TORONTO — BMO Financial Group said Wednesday that loan growth remained strong in the second quarter as businesses kept investing and residential mortgages were up, but that it is also ramping up its risk assessments as economic pressures including inflation grow.

Central banks have been responding to rising prices by raising interest rates, leading to fears they could overstep and push the economy into a recession, but BMO says it hasn't seen a retreat in the numbers yet.

"There's certainly more uncertainty given some of the continued issues that we all know about, supply chain, inflation," said David Casper, who leads North American commercial banking at BMO.

"But the demand for our clients' products still is outstripping supply. So they're still growing, they're trying to keep up, and the other part of it is there continues to be, both in Canada and the U.S., more movement to onshoring, less reliance on foreign sourcing, more capital expenditure to improve productivity."

The bank recorded average net loans up nine per cent year over year, as well as up three per cent from the prior quarter, with commercial loans a little ahead of consumer balances.

While the bank says it hasn't seen signs of an economic pullback, it has been ramping up its risk management, chief risk officer Patrick Cronin said.

"We did recognize the potential for economic headwinds by increasing the weighting of our adverse scenario, as well as reducing parts of our economic outlook in our base case scenario."

The bank has also been working over the past two years to improve its automated and data-driven risk mitigation processes, which will serve the bank well in the face macroeconomic and geopolitical risk, he said.

Overall, the bank reported a second-quarter profit of $4.76 billion as it said it will now pay a quarterly dividend of $1.39 per share, up six cents from $1.33 per share.

The increased payment to shareholders came as BMO's second-quarter profit amounted to $7.13 per diluted share, up from a profit of $1.30 billion or $1.91 per diluted share a year ago.

Revenue in the quarter totalled $9.32 billion, up from $6.08 billion in the same quarter last year, while the bank's provision for credit losses amounted to $50 million compared with $60 million a year ago.

On an adjusted basis, BMO says it earned $3.23 per diluted share, up from an adjusted profit of $3.13 per diluted share a year ago.

Analysts on average had expected an adjusted profit of $3.21 per share, according to financial markets data firm Refinitiv.

BMO reported adjusted expenses were up two per cent in the quarter from a year earlier, including an 11 per cent jump in its Canadian personal and commercial division, as investments in technology and its sales force that started last year accumulate. 

The bank is now expecting a year-over-year expense increase of about 2.5 per cent this year, up from a previously guided 1.5 per cent, as it sees more movement in salaries, said chief financial officer Tayfun Tuzun.

Scotiabank analyst Meny Grauman said in a note that the earnings growth at the bank was good, but the results were "not quite as red-hot as what we have been accustomed to seeing from this bank."

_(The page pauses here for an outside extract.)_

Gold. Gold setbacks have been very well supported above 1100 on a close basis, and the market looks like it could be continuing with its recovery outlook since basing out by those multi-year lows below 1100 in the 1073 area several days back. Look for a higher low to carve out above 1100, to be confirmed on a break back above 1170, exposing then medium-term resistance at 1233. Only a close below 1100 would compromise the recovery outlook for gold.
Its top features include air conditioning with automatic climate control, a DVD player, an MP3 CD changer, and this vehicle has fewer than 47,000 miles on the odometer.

"The good news from these results is that there is no sign of recession anywhere in the numbers," Grauman wrote.

The bank said its Canadian personal and commercial banking business earned $940 million in net income, up from $777 million in the same quarter last year, while its U.S. personal and commercial banking operations earned $588 million, up from $538 million a year ago.

BMO's wealth management business earned $314 million, down from $322 million a year earlier, while BMO Capital Markets earned $448 million, compared with $558 million a year ago.

The bank's corporate services arm earned $2.47 billion in the latest quarter compared with a loss of $892 million a year ago as the bank recorded higher revenue from fair value management actions related to the announced acquisition of Bank of the West and lower expenses due to the write down of goodwill related to the sale of its EMEA asset management business a year ago.